Sullivan Galleries > Fredrik Floen artist talk
Description
Frederik Floen presents an artist talk as part of his installation “Diorama_temporary_interior_light” at SAIC’s Sullivan Galleries.
Fredrik Floen mines a complex psychology of experiencing public space in his fashion design experiments and performative installations. In Diorama_temporary_interior_light, Floen builds a three-dimensional landscape along the historic windows of the Sullivan Galleries using sculptural blobs of sequined costumes as a scenographic reflection of an interior ecology of bodies, both human and non-human.

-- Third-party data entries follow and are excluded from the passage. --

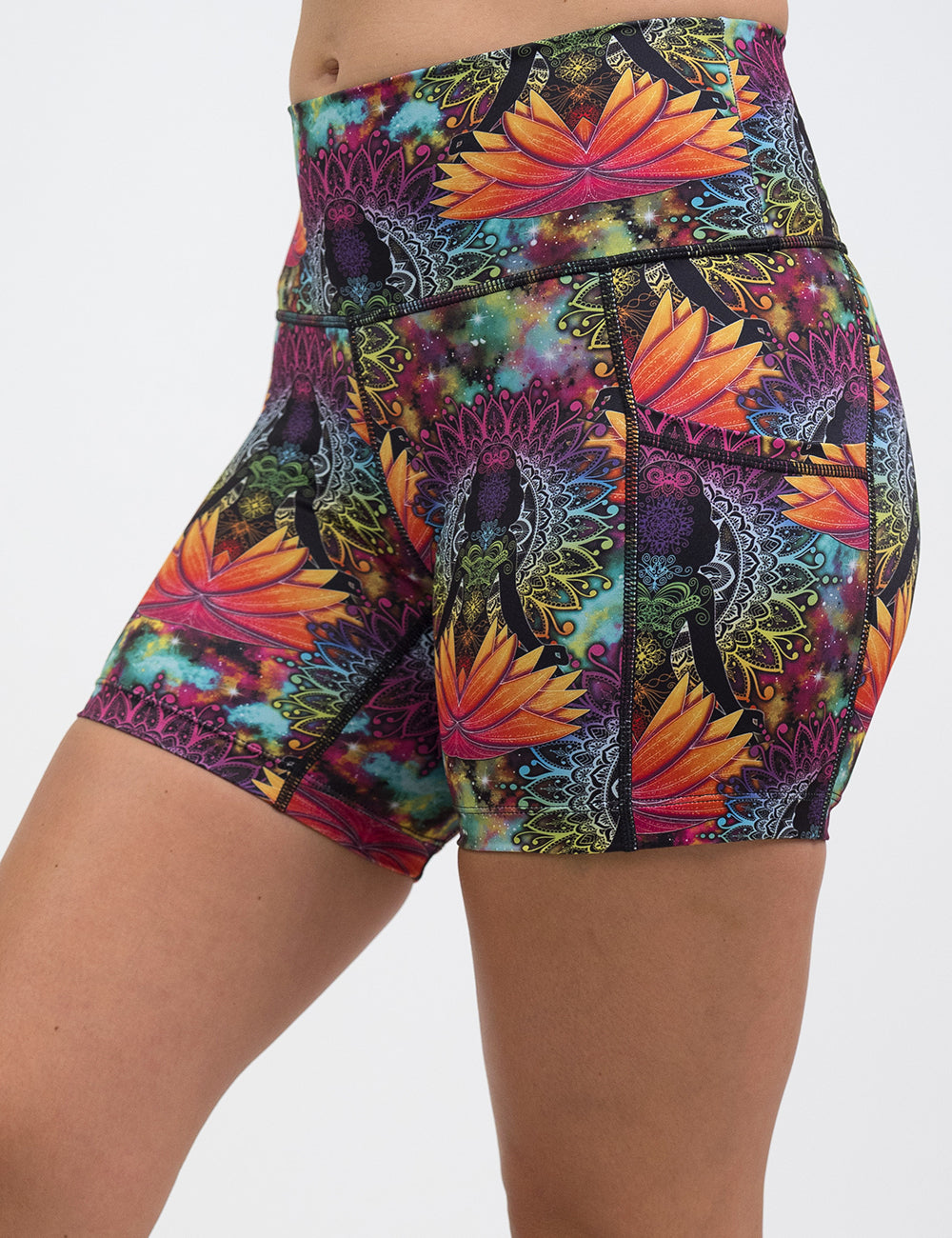 front of the 5 inch colorful yoga lotus flower shorts against a white backgroudn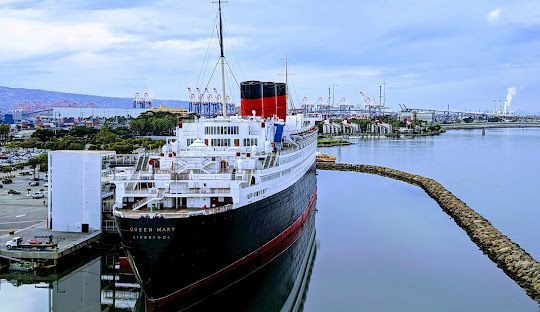 Queen Mary ship in Long Beach, CA. Presented by the BusPartyLA.com Side view of Queen Mary in Long Beach presented by party bus rentals Long Beach.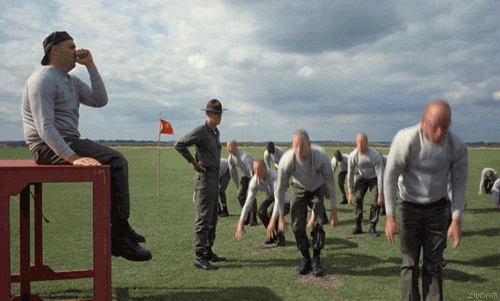 A Man Sits On A Red Bench Watching A Group Of Men Do Exercises In A Field GIF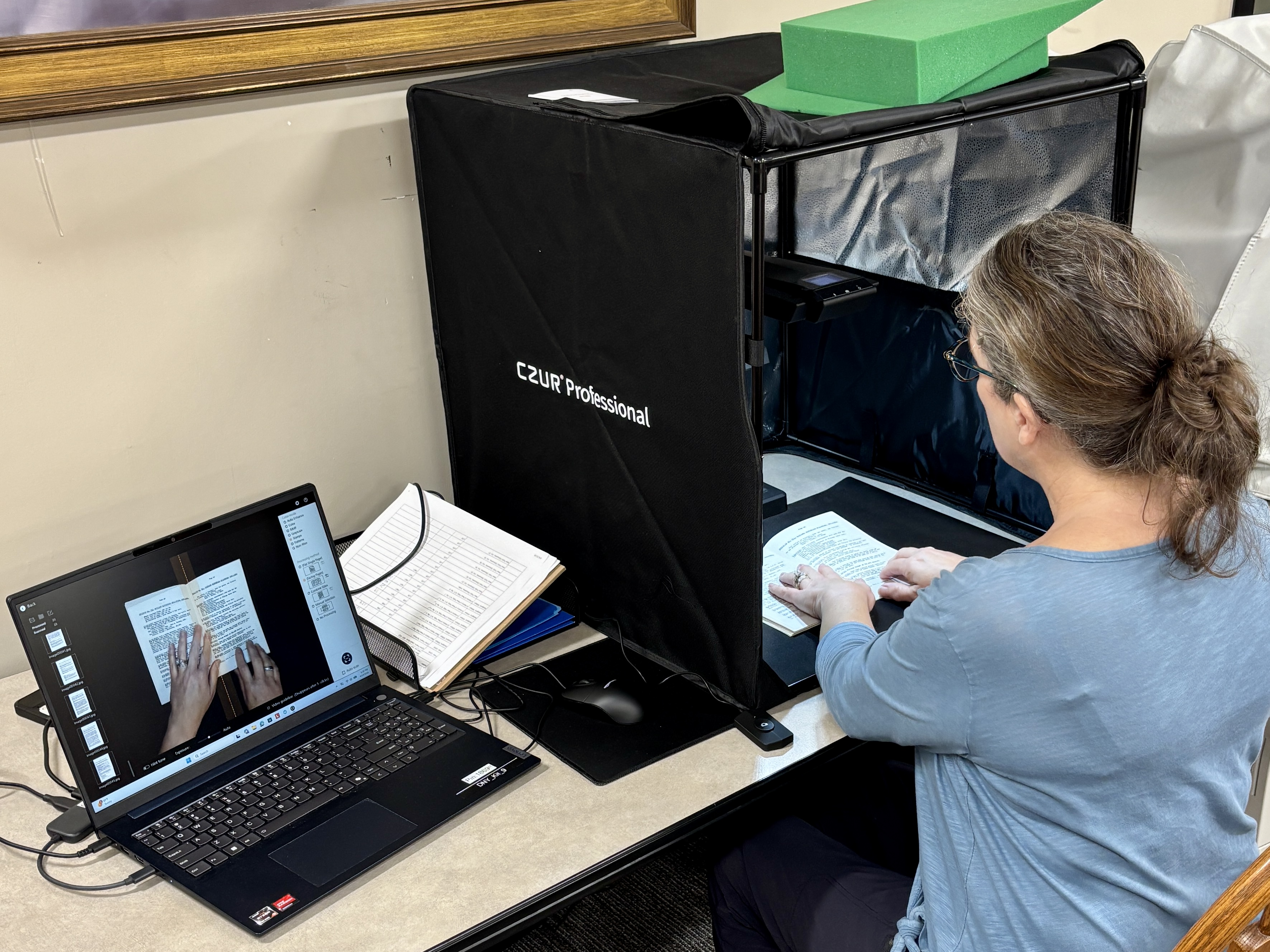 Volunteer using a CZUR scanner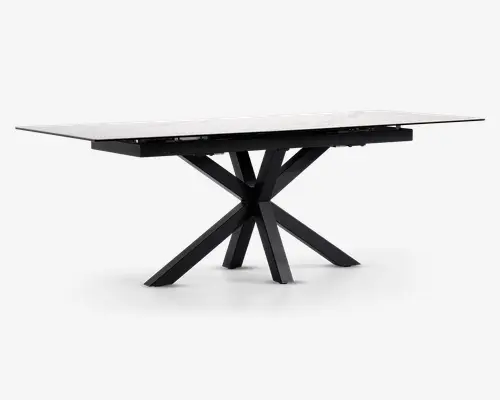 Rektangulært bord med en glat, hvid marmoreret eller marmorlignende bordplade og en markant sort metalbase. Basen har et kantet, stjerneformet design med flere ben, der stråler ud fra et centralt punkt, hvilket giver både stabilitet og et moderne, skulpturelt udtryk. Bordet har rene linjer og en nutidig stil.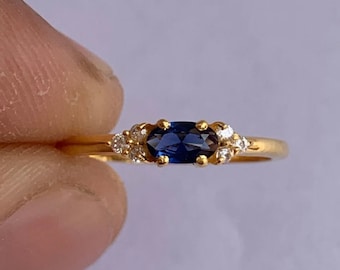 Puede incluir: Un anillo de oro con un zafiro azul ovalado y pequeños diamantes blancos engastados alrededor.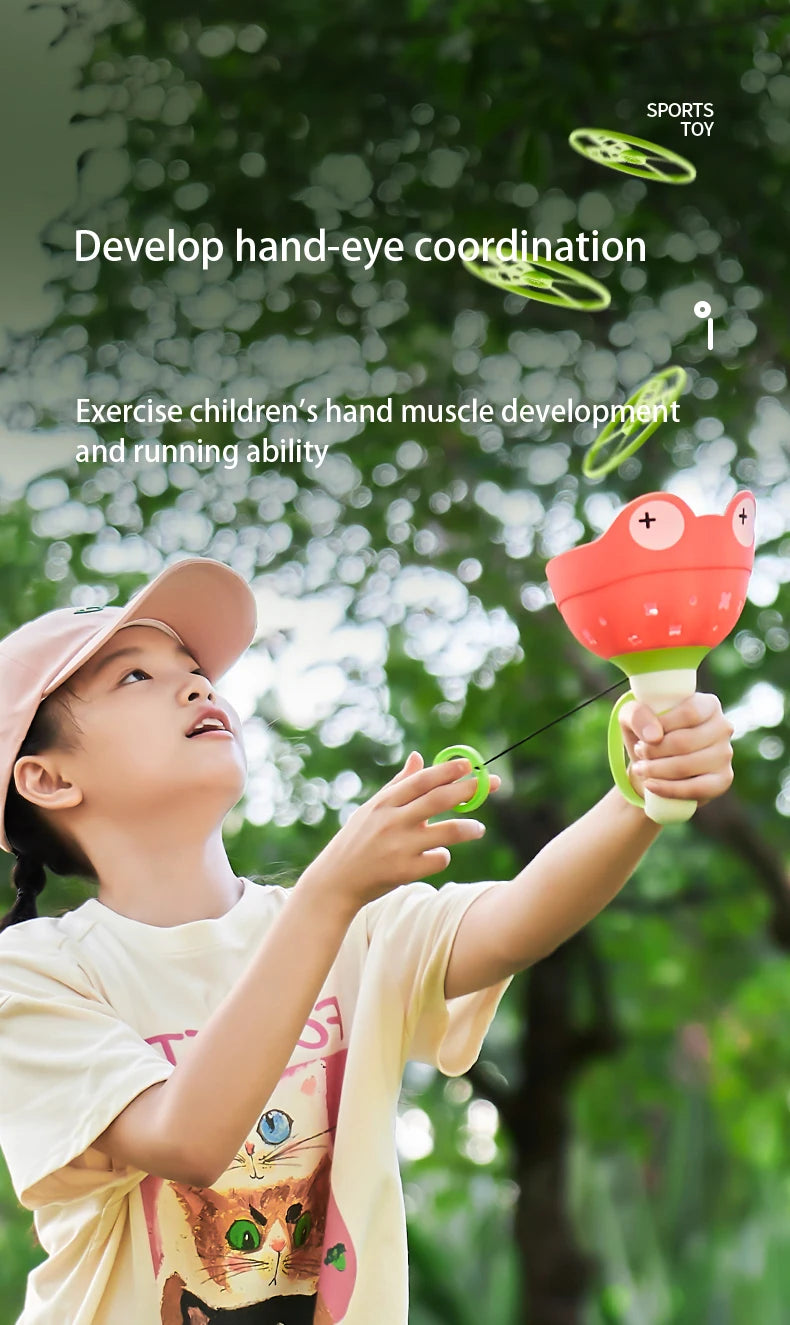 A young girl is playing with a red and green pull-string flying saucer launcher toy outdoors.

Diorama_temporary_interior_light is defined not only by its spatiality but also by its temporality. Floen rehearses with performers in the room costumed in the sequined blobs, then moves the work outdoors for Diorama at Cloud Gate (February 11-13, 2019), a trio of performances timed to follow the Chicago winter sunset. Choreographed by Norwegian artist Ingri Fiksdal, these live performances, staged against the reflective power of Anish Kapoor’s Cloud Gate with the assistance of SAIC students and alumni, invite the viewer to consider the city’s shimmering skyscape from the perspective of Millennium Park.
About the Artist
Fredrik Floen (1988) is a Norwegian costume and stage designer based in Oslo. Floen graduated from Oslo Academy of the Arts in spring 2017, with an MA in Fashion and Costume Design. His work is centered around costume practice as an independent artist in a theatrical aesthetic in different collaborations and contexts. He has worked as an assistant for the theatre company Vinge/Müller in Volksbühne, Berlin. Together with stage director Marie Nikazm Bakken, he has staged the early historic (and not so good) plays of Ibsen in Sweden and Norway. Floen’s latest work, “Mrs Inger to Osteraat” was co-created with Bakken and presented at Otta Kulturhus in Oslo and the Turteatern in Stockholm, and is a “horror piece without social relevance” based on the historical figure and Henrik Ibsen’s eponymous text that explores the aesthetic variants of the High Middle Ages in Norway mixed with popular references. With Bakken, Floen also created “Vikings of Helgeland” by Ibsen in Stockholm, as a Netflix inspired performance series of 12 shows, with special episodes such as Ocean overture, Christmas edition and Greek tragedy, (sunrise to sunset). Floen was invited by the Danish collective Hotel ProForma to design costumes for the world premiere of “Vespertine,” an opera based on Björks pop-album with the same name in Mannheim, Germany; and with choreographer Ingri Fiksdal, he created Diorama, a series of site specific sparkling view performances.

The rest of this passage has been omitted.